It takes 1,335 building service employees to keep Montgomery County's nearly 200 schools fit and trim. The work is tedious, dirty, smelly, and can be the first line of defense in cases of lice outbreaks and MRSA.
And it's a year-round operation. So as work wrapped up to ready schools for the first day of classes on Tuesday — and the nearly 138,000 germ-ridden, mess-making students — we take a brief look into the lives of school janitors.
Last year alone, custodial services went through 17,500 gallons of floor wax, cleaned 139,000 desks, refinished 140 gym floors, tended 3,000 acres of grass and maintained the 6,500 classrooms.
Six days to spruce
By the time this school year officially began, Bill Hicks, building services manager at Wheaton High School, was practically in mid-year form.
For the first time in his 19 years at Wheaton, there was daytime summer school, with more than 1,300 students occupying nearly every classroom until the program ended Aug. 8.
That gave Hicks, who has worked for MCPS for 46 years, just six days to spruce up the school before teachers arrived Aug. 19.
So he and his staff of 16 worked overtime Aug. 9 and 10 to clean the classrooms, wax the floors and fix one group of students' mess so another could tear it all down in a couple weeks.
"At first, it's nice to see the kids come in that first day," said Hicks, a burly, imposing figure, despite his soft Virginia drawl. "But those freshmen come in rough. The other kids, they have been here before, but the freshmen are out to prove something."
Hicks, who often walks to the Dalewood Drive campus from his nearby home, arrives each day at 4:50 a.m. to seize control of the building he knows so well. He said he has never taken a vacation longer than two days because he is fearful of the work that would await his return.
Despite the early start to the back-to-school season, he knows the bulk of the work will come after the students arrive, mainly because a teenager's behavior is one of the few things Hicks can't predict after all these years.
"You used to be able to tell kids to stop messing around," Hicks said. "Now, they'll turn around and tell you what to do."
Tools of the trade
The floors of Col. E. Brooke Lee Middle School in Wheaton are spotless—not a skid mark or glop of dust in the entire building.

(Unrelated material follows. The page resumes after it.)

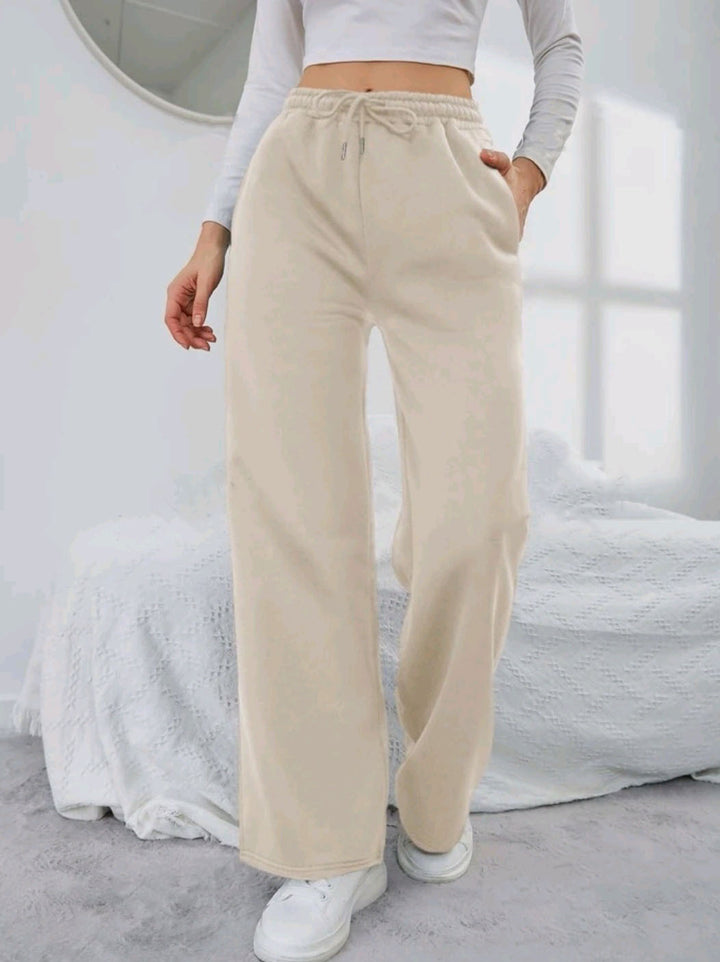 Damen nan High‑Waist Wide‑Leg Jogginghose mit elastischem Komfortbund, Kordelzug und tiefen Eingrifftaschen Drune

But by the end of the first day of classes yesterday, all of Andrew Williams' hard work as building manager could have been erased by throngs of middle school students and whatever messes they made.
"One of 'em could have their new Kmart specials' shoes and skid on the floor," said Williams, 54. "Or spill a Coke. Or have an accident."

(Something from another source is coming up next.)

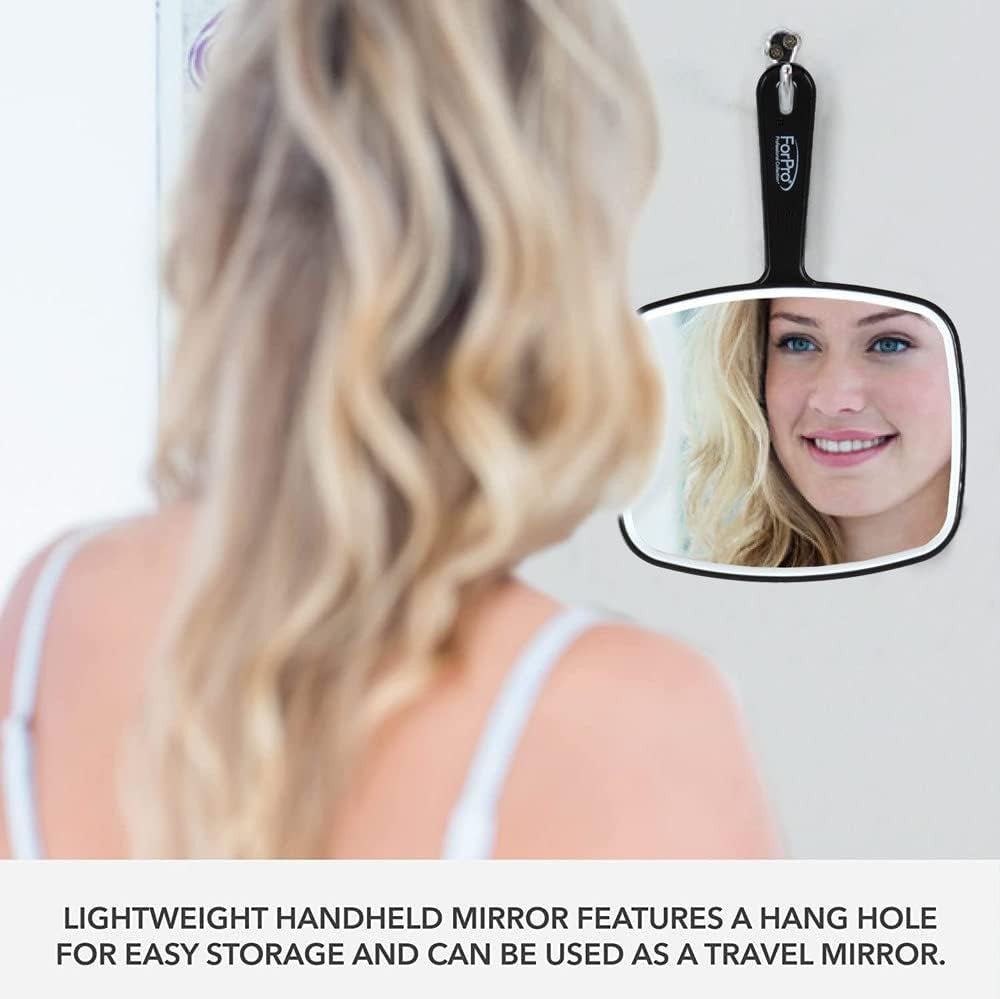 Premium Hand Mirror with Handle - 6.3 x 9.6 Inch Black Frame, Travel-Ready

In fact, Williams, who works the night shift, has had his share of cleaning up "accidents" — in the bathroom or elsewhere — in his 15 years at the school.
"You just gotta put your gloves on, get your mop and clean it up," he said as if pep-talking himself.
It's one of his many duties. In the days before the first bell rang, he also plucked gum from under tables, dusted blinds, washed windows and moved any heavy file cabinet a teacher might need.
But, he said, cleaning's what he knows how to do.
"The broom, the dust mop, the buffing machine — I got it all trained," he brags.
And although it may get tedious sometimes, Williams prides himself on his mantra.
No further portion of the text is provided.